MEMPHIS, Tenn. – On May 21, the Shelby County Commission, in a 9 to 1 vote, agreed to provide $450,000 to help fund programs and housing for people currently experiencing homelessness. This victory for the people of Memphis is due to the hard work of HOPE, Homeless Organizing for Power and Equality. Unlike other organizations that advocate for the homeless, HOPE is made up of and led by people who are experiencing homelessness or who have experienced homelessness in the past.
On May 24, HOPE held a potluck at Manna House, a sanctuary established by Catholic Workers, to celebrate their victory.

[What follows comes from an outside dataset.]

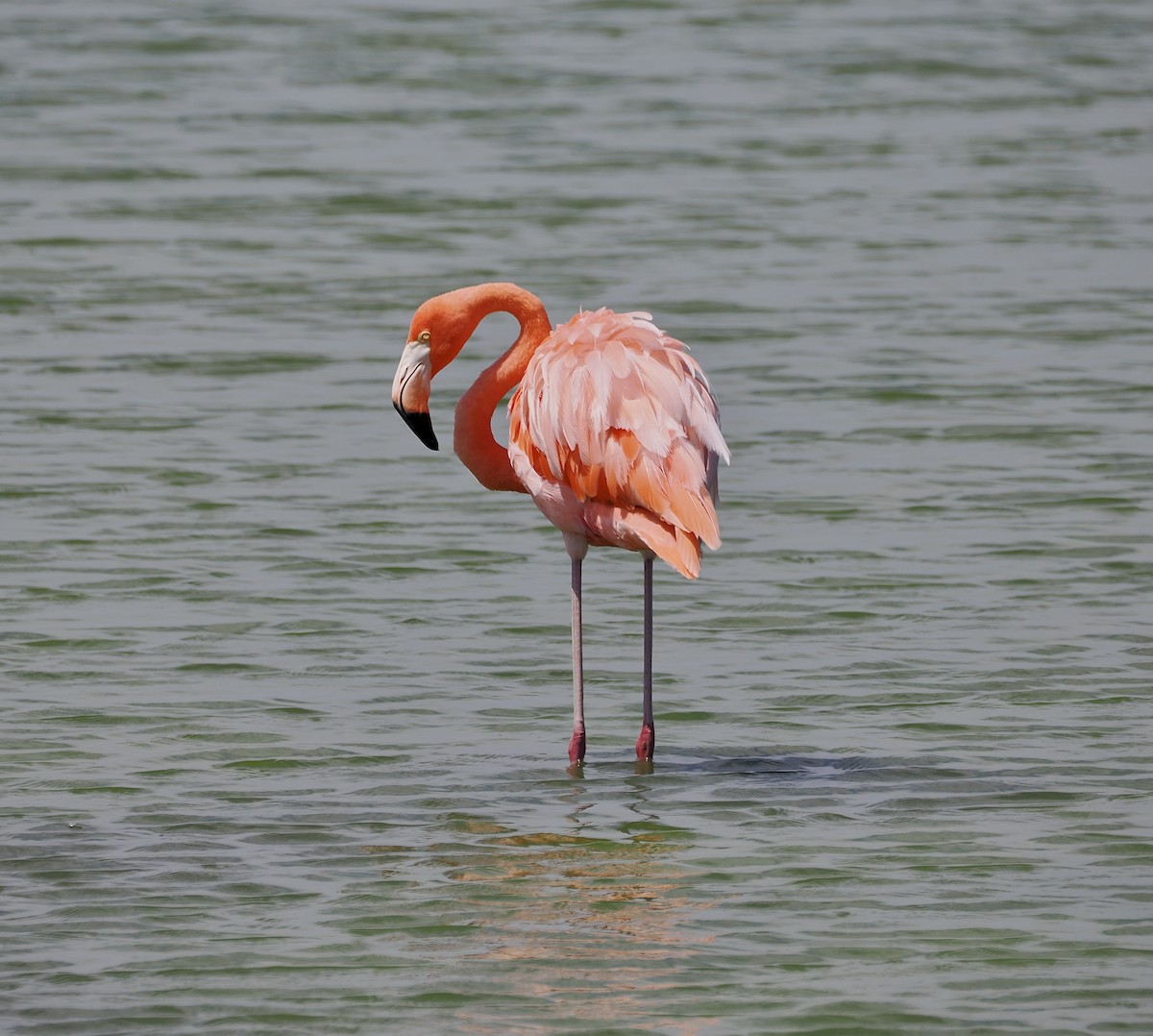 Amerika Flamingosu - ML638913677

John was at the potluck with his young son, August (Auggie) in part because no shelter in the Memphis area will take a single father with a child. John and Auggie lived in his car until it was impounded weeks ago. Since then they’ve been forced to live in vacant houses, where John worries about Auggie’s safety. “You never know what he could step on in a place like that or who could come in,” John said.
Thankfully for John and Auggie, $200,000 of the funds HOPE won this week will go to provide permanent supportive housing for families with disabilities and low-income families.

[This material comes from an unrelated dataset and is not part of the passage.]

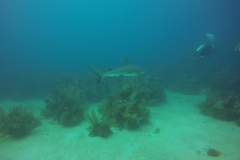 DCIM\100GOPRO\GOPR0795.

Between dances, Marian Bacon, an Independent Living Specialist at Memphis Center for Independent Living who once experienced homelessness herself, found time to talk.
“No shelter is free, which is discrimination in itself,” Marian pointed out. Furthermore, there is “only one shelter for women in Memphis but four or five for men.”
Marian went on to discuss how the local shelters discriminate in ways beyond demands for payment. “80 percent are faith-based and if you don’t follow their rules, you’re out.” Equally distressing is the fact that at “Union Mission, if you have a visible physical disability they won’t admit you.”
If you have a cane, or a walker you are turned away, if you have a wheelchair you literally cannot even make it in the front door. Union Mission does not have a wheelchair ramp or any way for someone in a wheelchair to navigate their front steps. Sadly, many of these faith-based shelters require families to be broken up before they will offer assistance. According to Marian, “If you have a boy over 5-6 years old they’ll not admit you unless you put your son in foster care.”
Hopefully, some of the prejudice experienced by someone who is currently homeless and physically disabled will be alleviated by the allocation of $250,000 to provide 100 units of housing for “the most vulnerable people on the streets.”
There are those who oppose these additions to the county budget. Wyatt Buckner is reported to have said, “Its not the government’s job to give people a handout.”
Mar’Quella Scott pointed out that he said this “to veterans, to pregnant women, to his constituents.” In Mar’Quella’s opinion, “the government office is the place for these people to go.” As Steve Mullroy, Shelby County Commissioner, said, “It’s a question of priorities, do we think it is important to help out the homeless.”
Between putting out food, answering phone calls, and making sure people had places to stay, Brad Watkins, an Organizing Director at Mid-South Peace and Justice Center, spoke about HOPE’s four core values: “Dignity, Mutual Emotional Support, Solidarity, and Self-Determination.”
Since 2009, Brad, with the help of many other people, has been working to organize HOPE into what it is today – a highly effective advocacy and direct action organization made of and led by the community it represents.
As the evening’s celebration came to a close, Terrance, a retired Marine who lost two of the fingers on his left hand due to an injury he suffered when his caravan was bombed in Iraq during his third tour, his tenth year at war, put it clearly. “We’re good enough to fight for this country, but we’re not good enough to get the services we need when we get home.” Terrance says, “HOPE gives us hope for a better tomorrow, [it lets us] speak peace in a world of violence.”